Server Module Version
The version of SpacetimeDB module code currently deployed.

Epoch (Build Epoch)
A logical “compatibility generation” of the live environment.
When an epoch changes, new sessions/instances migrate to the new epoch while old instances may drain.

Draining
A state where an instance continues running for existing participants but rejects new entrants.

Hard Cutoff
A point in time after which old client versions cannot start or continue sessions.


3. Guiding Principles

3.1. Do Not Patch by Disconnecting Everyone

Decision (hard):
Patching must be instance-aware.
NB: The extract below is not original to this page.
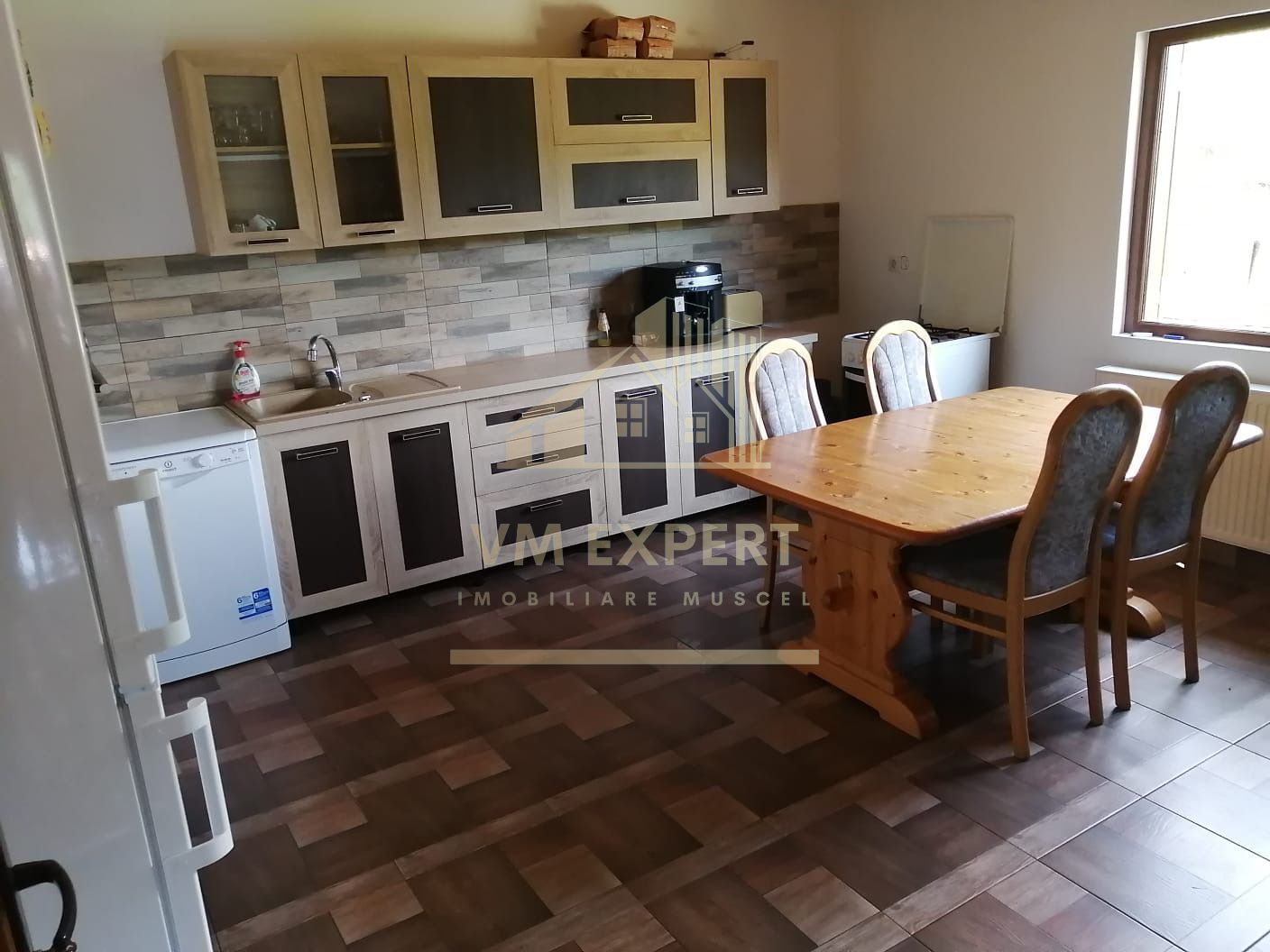 VILA 7 CAMERE TEREN 872 MP BUGHEA ARGES - Poză 10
The game may “move forward” while old instances finish.

Rationale:
Global disconnects turn every patch into a high-friction event and train players to avoid playing near patch time.


3.2. Separate “Server Deploy” From “Player Restart”

Decision (goal):
Server code can be updated without immediately forcing client restarts.

Rationale:
This enables soft patching: new content and logic can roll out while giving players agency to restart on their schedule.

This requires compatibility discipline (see Section 7).


3.3. Prefer Additive Changes

Decision (directional):
Prefer additive schema and logic changes over breaking changes.

Rationale:
Additive changes are easiest to run in mixed-version periods and align with incremental migration strategies.


4. High-Level Patching Strategy: Epoch + Drain

4.1. Lifecycle Overview

A patch rollout has phases:

  1. Announce
    1. Notify players: “Update available.”
    2. Provide a grace period and cutoff time.
  2. Gate New Sessions
    1. New logins require the new client version (optional: after some delay).
    2. Existing sessions can continue.
  3. Create New Epoch
    1. New instances are created under the new epoch.
    2. Matchmaking routes new runs to the new epoch.
  4. Drain Old Epoch Instances
    1. Old instances continue but block new joins.
    2. Active runs can finish normally.
  5. Hard Cutoff
    1. Old clients can no longer authenticate.
    2. Remaining old-epoch instances are ended or migrated.

This model avoids a “global offline window.”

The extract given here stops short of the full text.